The stone looked like a small-scale version of the 'Praying Hands' stone in Glen Lyon. A local, who was walking by, told me 'Gowk' was Norse for a Cuckoo Bird, and that she had seen them on the stone and in the nearby golf course. 

The path ended at Upper Kirkton, from where I followed the road to the Cathedral of the Isles. It is a remarkable structure: a Gothic revival design that looks as if it had been built centuries ago. (Construction began in 1849 and the cathedral was consecrated in 1876.) To quote from R. Angus Downie’s Bute and the Cumbraes: 'The stained-glass windows, the tesselated floor, the naked oak beams, the altar and its crucifixes, remind one of the earlier ages of faith.



A treed burial ground lay next to the cathedral. Buried here is the Reverend James Adam (1748-1831). Adam was the minister here for many years and is famous for a prayer he often made, one that was recorded for posterity in Sir Walter Scott’s Journal:

Prayer of the minister of the Cumbrays, two miserable islands in the mouth of the Clyde: "O Lord, bless and be gracious to the Greater and the Lesser Cumbrays, and in thy mercy do not forget the adjacent islands of Great Britain and Ireland."

It was a steep road walk from the cathedral to the top of the island. It was a busy spot, and I had to wait a while to get a photo of the view indicator and trig pillar not surrounded by tourists. One of the crowd had opted to park his bike at the pillar. I was tempted to throw it off the hillside.

A few feet from the summit is a large glacial erratic called The Glaid Stone (also known as The Gledstane). I have not been able to find a meaning of 'Glaid', but I was glad that from there on my walk would be downhill. The following photo shows the Glaid Stone (at right) in 2008, taken during the walk described in Chapter 2 of Firth of Clyde to the Small Isles.

A mile down the road I came to the Broomy Knowes Footpath at NS 1758 5695. Tired of road walking, I decided to follow it. That was a mistake. The path was a muddy swamp, heavily trampled by cattle. Making matters worse, the path disappeared on the hillside above the ferry terminal. To reach the road I had to bash through rough, steep terrain, and nearly broke my leg when I stepped into a hidden hole.

Back in Largs, after sunset, I walked along the crowded waterfront. The sky was filled with smoke from the Viking boat burning (you had to pay extra to get close - I settled for a distant view). More smoke filled the evening sky an hour later when a fireworks show lit up the darkness. Off to the west, the skyline was also briefly lit by a bonfire on the summit of Great Cumbrae. 


Next up: we board Hjalmar Bjorge for an adventure at sea. I had a detailed itinerary planned, one that gale force winds would blow away. 

Monday, October 7, 2024

Three Weeks - Ten Islands: Starting with Little Cumbrae

Over three weeks in September, I was fortunate to visit ten islands.

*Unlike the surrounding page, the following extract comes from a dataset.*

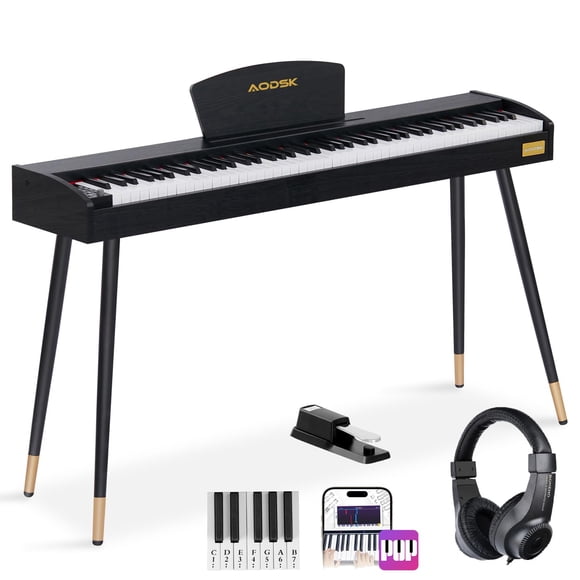AODSK Piano digital para principiantes, teclado de 88 teclas, piano eléctrico de tamaño completo para principiantes, con atril para partituras, pedal, adaptador de corriente, modo auriculares, USB-MID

The weather at the beginning and end of those weeks was brilliant sunshine. The weather in the middle was less brilliant: lashing gale-force winds laced with cold, Arctic air. That meant my planned itinerary for a ten-day cruise around the Western Isles was not to be. But 'Plan B' was as exciting. The islands we visited on those ten days were Skye, South Rona, Rum, Ulva, Gometra, Inchkenneth, Eileach an Naoimh of the Garvellachs, and Easdale of the Slate Isles. 

Prior to the cruise, I spent five days in Largs, hoping for a weather window to get to Little Cumbrae. Fortunately, the weather on the first day was gorgeous, with just a gentle trace of wind. And so, on a sunny Friday morning, my friend Gareth Robinson and I boarded a RIB at the pier in Millport. 

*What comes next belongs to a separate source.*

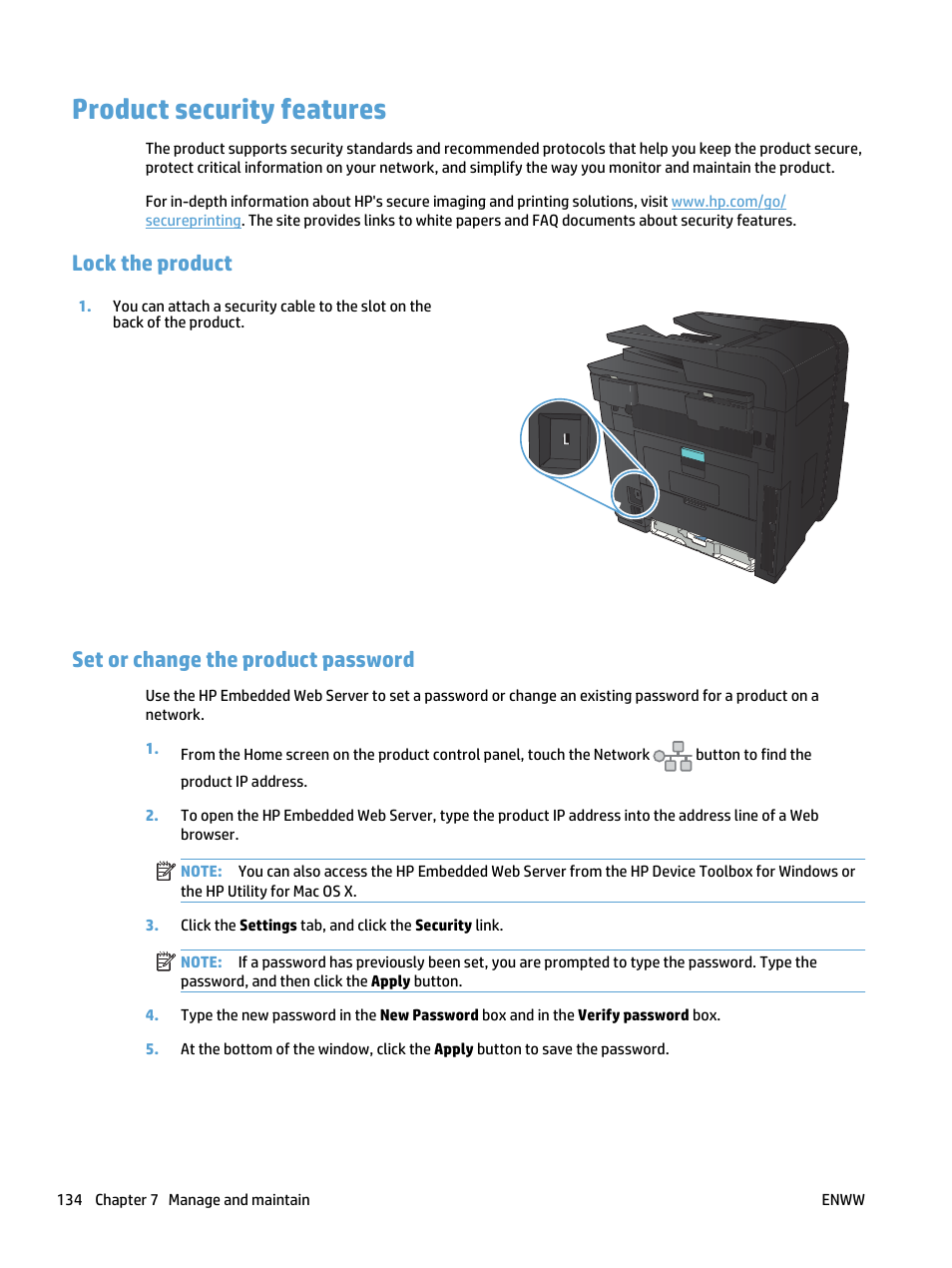 Product security features, Lock the product, Set or change the product password | HP LaserJet Pro 400 MFP M425 User Manual | Page 150 / 228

I had wanted to return to Little Cumbrae for 16 years. My one (and only) visit to the island had been in May of 2008 when I'd unsuccessfully searched for St Bey's Cell. (See Chapter 2 of 'Firth of Clyde to the Small Isles'.) The 6th (or possibly 9th) Century St Bey came to Little Cumbrae to establish a place of retreat where, to quote from the Calendar of Scottish Saints, ‘she lived in solitude surrounded by birds and beasts.’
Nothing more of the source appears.